I'm not a mathematician, but constructivists aim to define mathematics without uncomputable numbers, see

https://en.wikipedia.org/wiki/Computable_analysis

and

https://en.wikipedia.org/wiki/Computable_number#Use_in_place...

As far as I can understand, the set of all computable numbers (including all algebraic numbers and many transcendental numbers, such as Pi), even has the same cardinality as the rationals, and thus the natural numbers.

The reason we consider uncomputable numbers "numbers" include some definitions about infinite series and analysis that would need to have stricter requirements for convergence when looking only at the computable numbers, not the real numbers.

And defining a concrete bijection between the natural numbers and the computable numbers would also solve the halting problem and is impossible, we only know that such a bijection exists: defining it would mean to have an algorithm that can prove for a specific Turing machine that it is the minimal one computing it's output, among a given set of universal Turing machines / UTM encoding.

(please take this with a grain of salt as I'm stepping outside the bounds of my knowledge here)

Any given computation either halts or it doesn't. You can encode that information in a single bit, as a specific number. Since there is a countably infinite number of possible computations, you'd need a countably infinite number of bits.

So you can never find enough storage to hold the full solution of the halting problem in the real world. But you can find enough storage in a real number. Because real numbers can have a countably infinite number of digits after the decimal point. So you can stuff your countably infinite number of bits representing the solution of the halting problem in there.

Which specific real number you get depends on the details of the encoding, but it's definitely some real number.
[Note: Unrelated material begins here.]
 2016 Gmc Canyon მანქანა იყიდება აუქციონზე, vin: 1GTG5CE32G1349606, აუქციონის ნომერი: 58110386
And it cannot be computed, because if it could, you could read the solution to the halting problem off its digits, but the halting problem is known to be uncomputable.

Here’s a nice concrete construction. To start, fix some enumeration ϕ of Turing machines. Let’s define a sequence of rational numbers x_k as $\sum_{i=0}^k 2^{-(i+1)} * halts(ϕ(i),k)$, where $halts(M,k)$ returns 1 if the machine M halts before taking k steps when fed the empty tape, and 0 otherwise. This is perfectly computable, as we only ever need to run a finite number of machines a finite number of steps for each k.

This sequence of rationals is monotonic and is upper-bounded by 1, but does not have a computable least upper bound. If such an upper bound existed, then it would encode solutions to the halting problem for every program. However, the reals have least upper bounds of all upper bounded subsets under mild classical assumptions, so we’ve made ourselves an uncomputable real out of computable data.

Sequences of this form are called Specker sequences, and are how you cook up most uncomputable numbers. There are models of constructive logic that do not admit any Specker sequences and admit only computable reals, but that is beyond the scope of a single comment :)

Enumerate all well formed programs in order. For programs that halt assign the digit 0, and for the ones that don't, the digit 1. Put the digits after a decimal point and interpret in binary.

I assume this refers to Chaitin's constant: https://en.wikipedia.org/wiki/Chaitin%27s_constant

Busy beavers are a classic example. They're mostly-hypothetical numbers that tell you "if any Turing machine of size s runs for longer than this, it doesn't halt." There's a link to that in the sentence you quoted.